Sarà Alain Elkann il presidente della Fondazione Museo Egizio. L'indicazione del nome dello scrittore e giornalista, padre di John, vicepresidente della Fiat, è emersa ieri mattina da un incontro svoltasi a Roma tra il ministro Giuliano Urbani e il presidente Enzo Ghigo. La notizia, già anticipata nei giorni scorsi da "Repubblica", è stata accolta con favore dall'interessato, che preferisce tuttavia per ora mantenere un certo riserbo: «Non intendo commentare ciò che ancora non è ufficiale - ha detto. - Certo, dato che la nomina credo spetti al ministro, sono molto lusingato per il fatto che questi abbia optato per me. E anche contento». Elkann ricopre ora l'incarico di Alain Elkann consigliere di Urbani per i rapporti con l'estero, la stampa straniera e l'editoria: negli anni scorsi ha partecipato a fianco dell'allora sottosegretario Vittorio Sgarbi alle missioni torinesi del ministro per definire le sorti del nuovo museo Egizio. Il suo nome è arrivato dopo una serie di altre proposte avanzate negli ultimi mesi: dall'ex sindaco liberale di Torino Valerio Zanone, al presidente di Mediobanca Gabriele Galateri di Genola, fino al deputato europeo di Forza Italia Jas Gawronski. La firma per il varo della Fondazione sarà apposta presso un notaio torinese nella seconda metà di settembre, alla presenza anche di Urbani.
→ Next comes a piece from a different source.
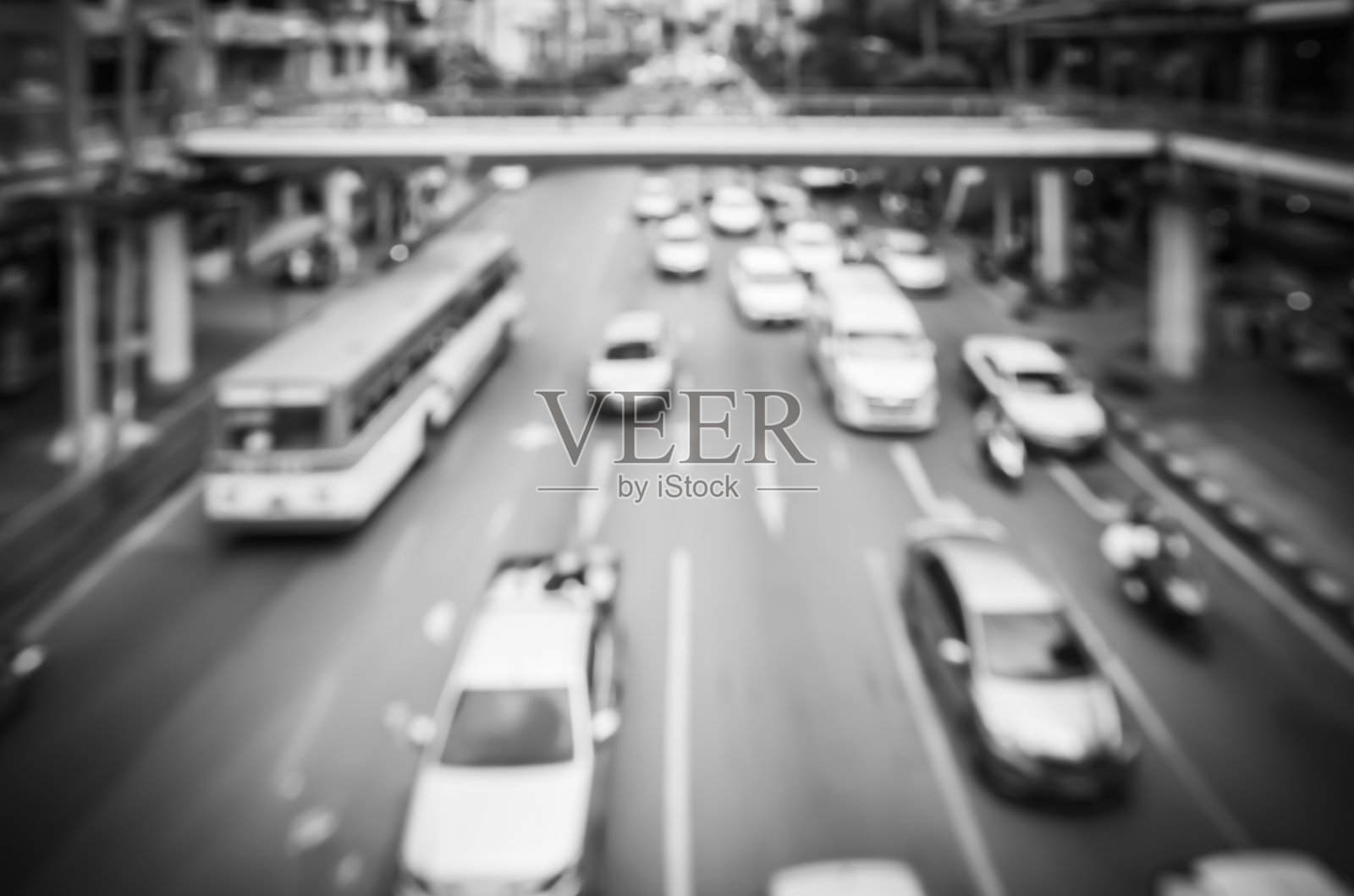 模糊，交通在曼谷的道路上，城市景观背景照片摄影图片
Per Elkann all'Egizio arriva l'ok di Urbani
Il ministro Giuliano Urbani ha nominato Alain Elkann presidente della Fondazione Museo Egizio. La nomina è stata annunciata dopo un incontro a Roma tra Urbani e il presidente Enzo Ghigo. Elkann, scrittore e giornalista, è stato scelto per la posizione dopo una serie di altre proposte avanzate. La firma del contratto sarà effettuata in seconda metà di settembre presso un notaio torinese. Elkann ha espresso gratitudine per la nomina, ma ha preferito mantenere un certo riserbo. La Fondazione Museo Egizio sarà fondata con la firma del contratto.